Me (pauses, thinks): Why is that his name?
Voices: It’s not his real name, he got it from (rambles on for approximately twenty-one minutes, provides detailed, fully-formed back story, not only for character, but for some of his family).
Me: Wait…so the big thing that happened….it was twelve years ago?
Voices: Or ten. (The non-existent but somehow expressive eyes light up with that blazing, unquenchable fever, that all-consuming need to share.) See, that’s how it all happened! It was the (removed) from (removed) who decided to…(talks uninterruptedly for another forty minutes)…and then you’re at the scene, the one you already have planned out! What do you think?
Me (chewing my lip): Hm.
Me (glances up at Voices): It’s good.
Me: Can I go back to bed now?
Voices (cocks an eyebrow, stares at me)
Me: I’m tired.
Voices: No, you’re not.
Me: Okay, I *was* tired.
Voices: You’re wide awake now.
Me: But I shouldn’t be. I need sleep, dammit. Four hours isn’t enough.

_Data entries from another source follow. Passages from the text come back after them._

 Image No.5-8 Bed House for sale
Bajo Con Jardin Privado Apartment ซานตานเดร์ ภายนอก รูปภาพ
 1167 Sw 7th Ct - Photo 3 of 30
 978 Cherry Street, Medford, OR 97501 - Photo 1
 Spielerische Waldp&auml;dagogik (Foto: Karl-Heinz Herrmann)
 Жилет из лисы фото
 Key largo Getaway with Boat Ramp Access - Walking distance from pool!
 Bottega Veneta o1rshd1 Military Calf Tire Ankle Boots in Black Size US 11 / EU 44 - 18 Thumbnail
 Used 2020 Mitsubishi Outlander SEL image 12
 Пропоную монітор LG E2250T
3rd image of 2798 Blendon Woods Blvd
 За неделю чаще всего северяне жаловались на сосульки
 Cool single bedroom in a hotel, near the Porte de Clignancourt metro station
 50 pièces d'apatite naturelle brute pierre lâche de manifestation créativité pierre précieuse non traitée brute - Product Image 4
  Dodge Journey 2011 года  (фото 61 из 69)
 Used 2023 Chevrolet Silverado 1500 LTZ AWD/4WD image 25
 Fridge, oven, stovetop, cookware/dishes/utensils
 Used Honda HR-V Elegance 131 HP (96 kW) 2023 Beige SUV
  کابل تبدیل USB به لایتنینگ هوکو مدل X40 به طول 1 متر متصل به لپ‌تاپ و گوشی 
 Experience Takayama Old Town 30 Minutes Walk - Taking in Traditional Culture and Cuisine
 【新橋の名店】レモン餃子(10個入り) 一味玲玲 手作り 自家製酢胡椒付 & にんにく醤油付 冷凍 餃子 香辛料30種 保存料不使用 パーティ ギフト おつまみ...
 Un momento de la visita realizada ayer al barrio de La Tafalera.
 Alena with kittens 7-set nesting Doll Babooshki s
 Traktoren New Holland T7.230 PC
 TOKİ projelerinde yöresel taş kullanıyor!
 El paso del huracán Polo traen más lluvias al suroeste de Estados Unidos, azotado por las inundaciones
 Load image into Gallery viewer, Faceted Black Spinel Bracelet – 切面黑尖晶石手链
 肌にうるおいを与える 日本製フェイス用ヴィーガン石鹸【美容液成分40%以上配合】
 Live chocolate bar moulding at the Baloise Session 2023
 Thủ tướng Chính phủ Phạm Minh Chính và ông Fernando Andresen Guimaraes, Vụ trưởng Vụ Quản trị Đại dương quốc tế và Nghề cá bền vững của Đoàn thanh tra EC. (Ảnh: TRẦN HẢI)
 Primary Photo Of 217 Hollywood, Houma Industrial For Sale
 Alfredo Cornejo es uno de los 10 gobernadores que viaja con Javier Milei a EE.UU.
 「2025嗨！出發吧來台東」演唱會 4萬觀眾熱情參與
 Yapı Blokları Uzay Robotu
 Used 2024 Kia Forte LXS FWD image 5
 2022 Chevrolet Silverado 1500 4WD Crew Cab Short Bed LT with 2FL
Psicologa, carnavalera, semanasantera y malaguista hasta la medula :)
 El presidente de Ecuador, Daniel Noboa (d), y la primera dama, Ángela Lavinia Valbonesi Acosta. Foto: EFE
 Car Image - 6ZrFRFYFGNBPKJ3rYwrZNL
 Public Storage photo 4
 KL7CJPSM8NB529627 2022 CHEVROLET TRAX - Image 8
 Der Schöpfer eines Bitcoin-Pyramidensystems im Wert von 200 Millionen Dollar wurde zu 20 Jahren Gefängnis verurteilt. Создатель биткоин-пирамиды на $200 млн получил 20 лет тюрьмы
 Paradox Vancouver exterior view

Voices: You never get more than five anyway.
Me (gritting my teeth): THAT DOESN’T MEAN I WANT TO REDUCE THE NUMBER EVEN FURTHER!
Voices (grins): See, you’re wide awake.
Me (glances around the dark bedroom, as if help will intervene from somewhere): You realize my eyes are sore.
Voices: Poor baby.
Me: And I have a bad cold. My nose is dripping like a faulty spigot.
Voices: You want a hug?
Me (rolls over, showing my back): Piss off.
Voices (patting my flank): Come on, princess. It’s time to write.
Me: Ten more minutes?
Voices: You know that won’t work.
Me: Because of YOU.
Me (grumbling, tosses back covers, hobbles out of bed)
Voices: There you go…one foot in front of the other…
Me: Shut up.
Voices (for the first time completely serious): Oh no. (shakes head). Oh my goodness no. Shut up is the one thing I won’t do.